*Aim of the exercise*
Among the records below, find the line that has "Digital kitchen scale"; from there, give the lines again exactly, and stop after the line that has "Wide shot of".

*Material for this exercise*

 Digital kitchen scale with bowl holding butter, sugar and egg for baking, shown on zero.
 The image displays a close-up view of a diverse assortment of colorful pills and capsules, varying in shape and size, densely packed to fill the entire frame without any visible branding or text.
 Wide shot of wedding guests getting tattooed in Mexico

==

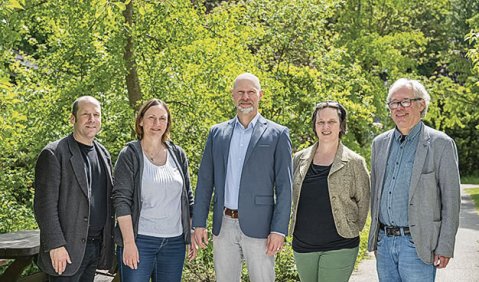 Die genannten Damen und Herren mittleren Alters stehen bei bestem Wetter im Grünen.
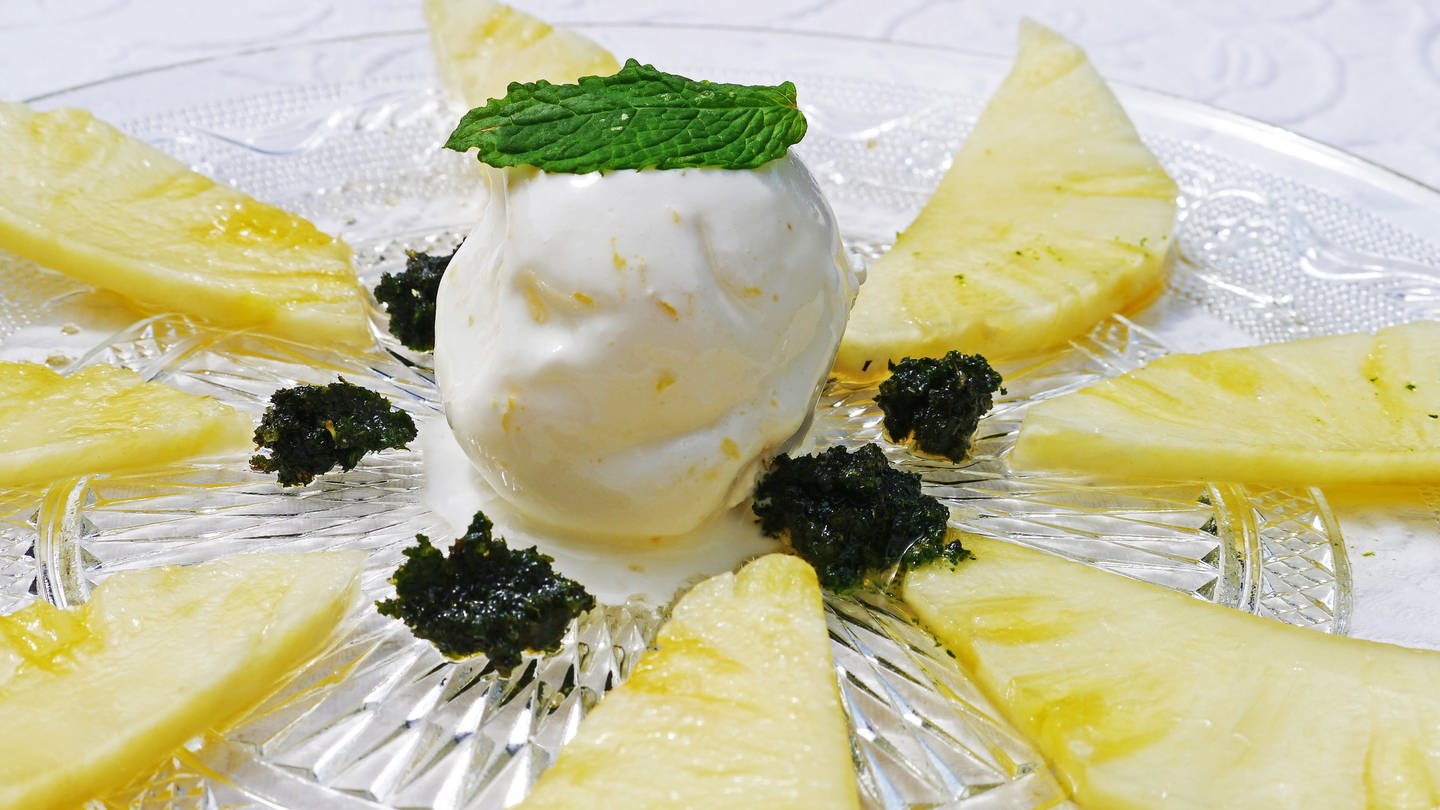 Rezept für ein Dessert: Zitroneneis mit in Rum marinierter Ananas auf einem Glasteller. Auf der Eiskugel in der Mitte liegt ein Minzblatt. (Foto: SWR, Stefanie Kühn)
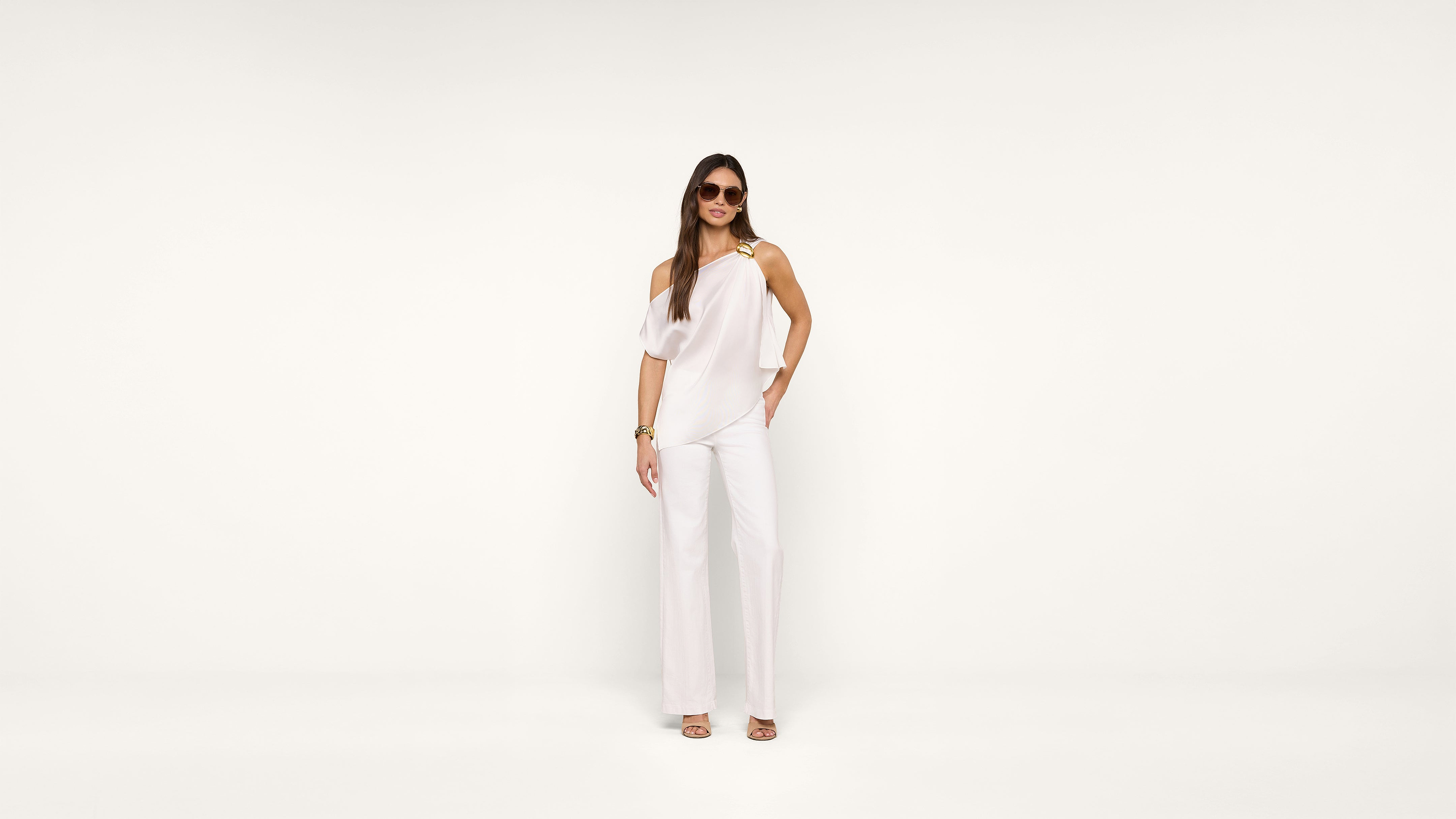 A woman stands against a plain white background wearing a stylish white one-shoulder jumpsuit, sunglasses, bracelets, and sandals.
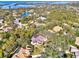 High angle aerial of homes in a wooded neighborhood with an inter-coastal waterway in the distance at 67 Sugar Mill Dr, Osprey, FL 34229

*Answer area*
 Digital kitchen scale with bowl holding butter, sugar and egg for baking, shown on zero.
 The image displays a close-up view of a diverse assortment of colorful pills and capsules, varying in shape and size, densely packed to fill the entire frame without any visible branding or text.
 Wide shot of wedding guests getting tattooed in Mexico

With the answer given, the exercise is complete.